TRY IT
Transcribe every line below exactly; no image goes into the output.

COLLECTED MATERIAL

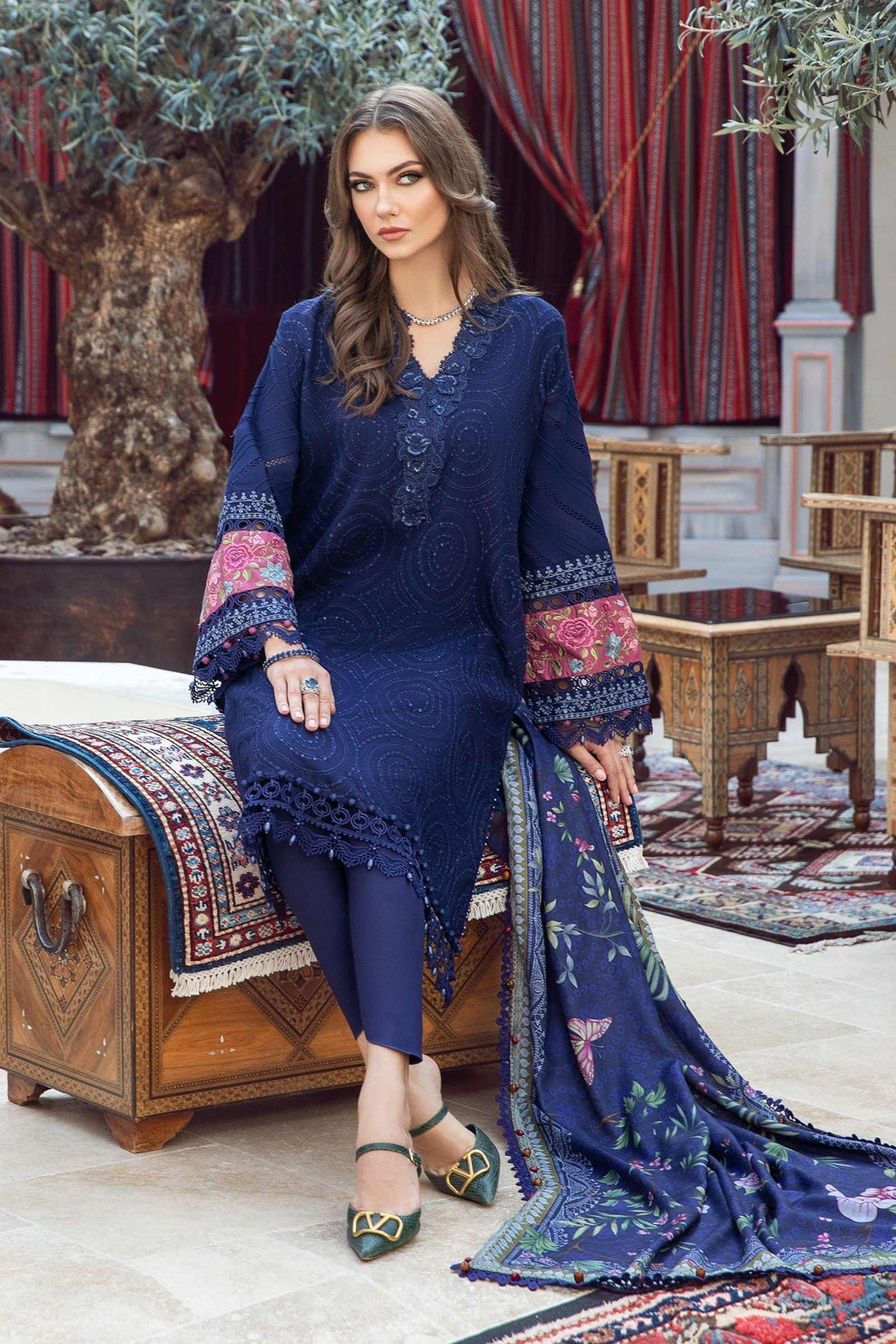 MARIA B - 3PC DHANAK SEQUENCE EMBROIDERED SHIRT WITH WOOL PRINTED SHAWL AND TROUSER-DPC-3238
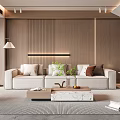 Modern Living Room Interior Design With Beige Sofa Wooden Wall Panel And Coffee Table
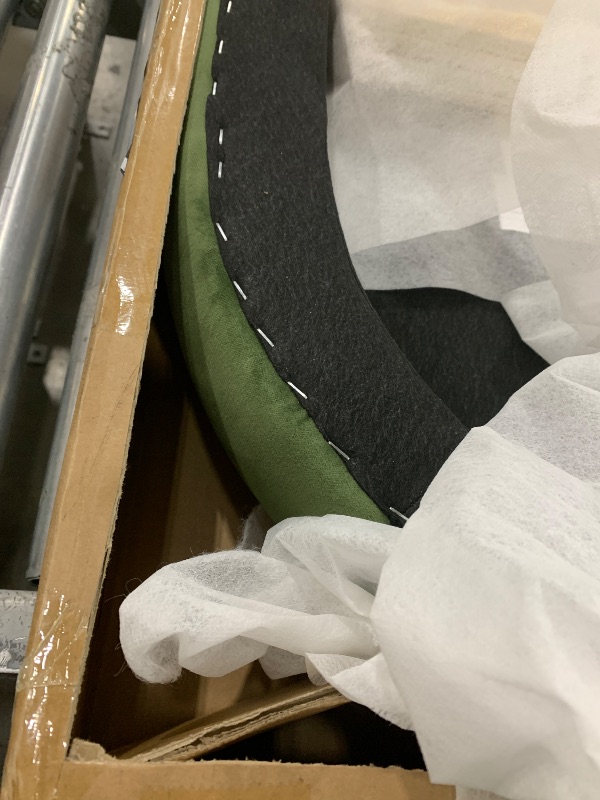 View 3 of Set 1/2*****Christopher Knight Home Hazel Queen Size Platform Bed, Velvet Fabric Headboard and Bed Frame, Upholstered Curve-Shaped Queen Headboard, Wooden Slats Panel Support, Easy Assembly, Olive Green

SOLUTION FOR THIS PROBLEM
 MARIA B - 3PC DHANAK SEQUENCE EMBROIDERED SHIRT WITH WOOL PRINTED SHAWL AND TROUSER-DPC-3238
 Modern Living Room Interior Design With Beige Sofa Wooden Wall Panel And Coffee Table
 View 3 of Set 1/2*****Christopher Knight Home Hazel Queen Size Platform Bed, Velvet Fabric Headboard and Bed Frame, Upholstered Curve-Shaped Queen Headboard, Wooden Slats Panel Support, Easy Assembly, Olive Green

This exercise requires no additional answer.